● TASK DETAILS: Repeat only the lines below that run from the line with "Bugün ve yarın" to the line with "茄汁鱼片,放入番茄丁炒软，加入适量食盐会炒的更快", ends included; skip every picture.

● SOURCE DATA:
·····

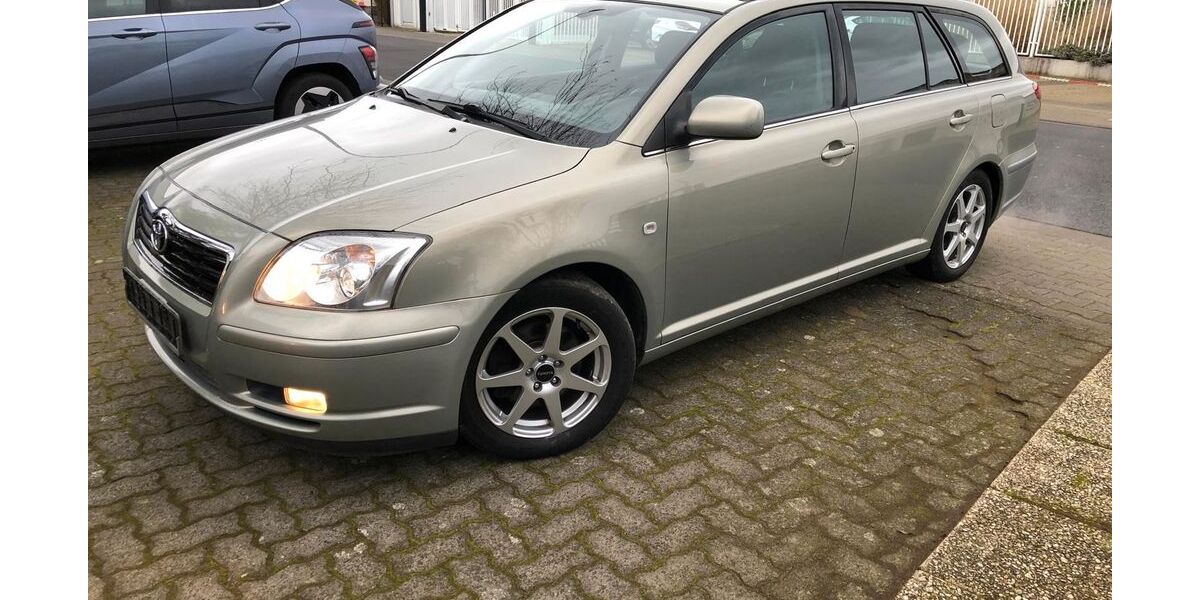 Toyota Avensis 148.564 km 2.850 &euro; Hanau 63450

·····

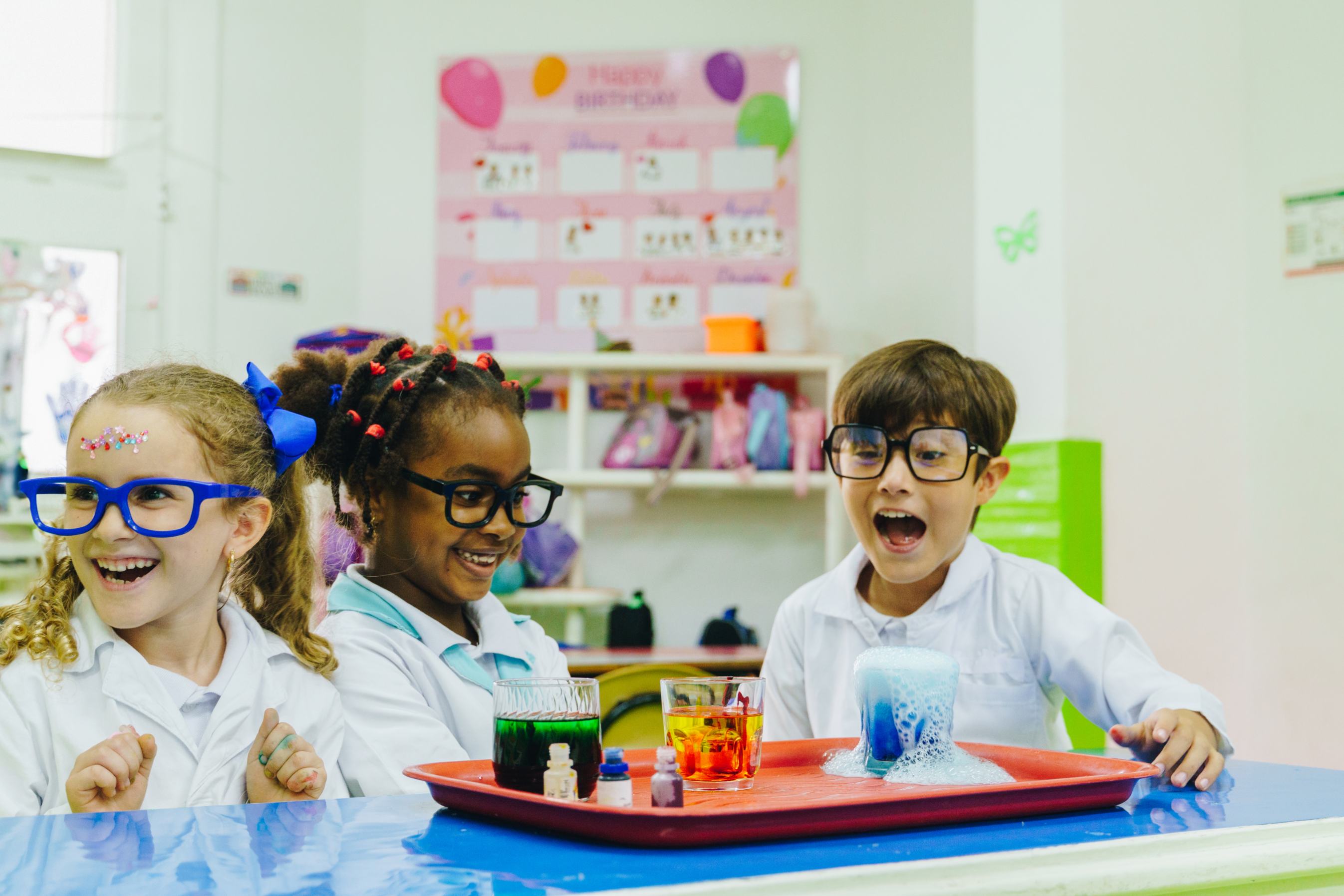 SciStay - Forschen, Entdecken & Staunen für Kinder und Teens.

·····

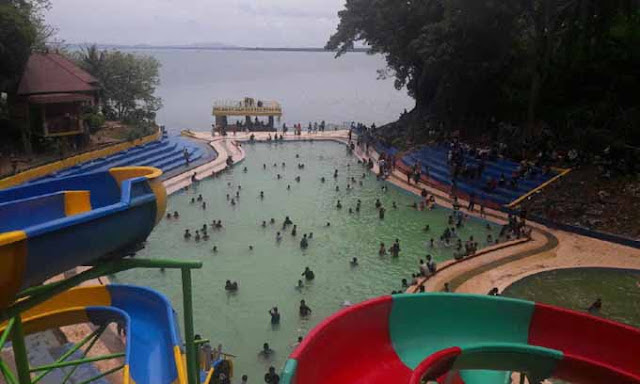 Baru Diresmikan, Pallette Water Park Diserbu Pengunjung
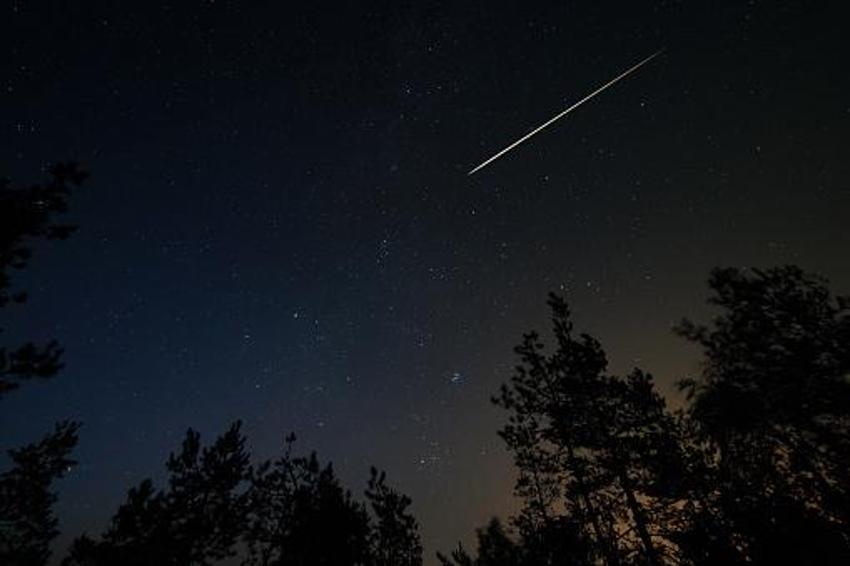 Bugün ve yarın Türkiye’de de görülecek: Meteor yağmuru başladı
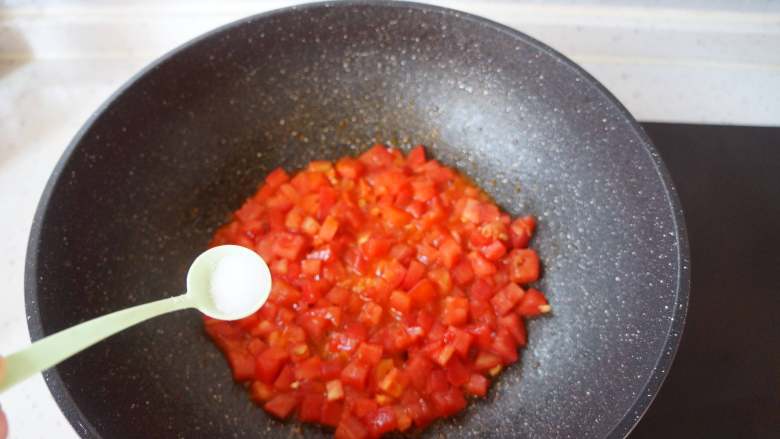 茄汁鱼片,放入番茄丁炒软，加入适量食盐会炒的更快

·····

● FINISHED EXERCISE:
 Bugün ve yarın Türkiye’de de görülecek: Meteor yağmuru başladı
 茄汁鱼片,放入番茄丁炒软，加入适量食盐会炒的更快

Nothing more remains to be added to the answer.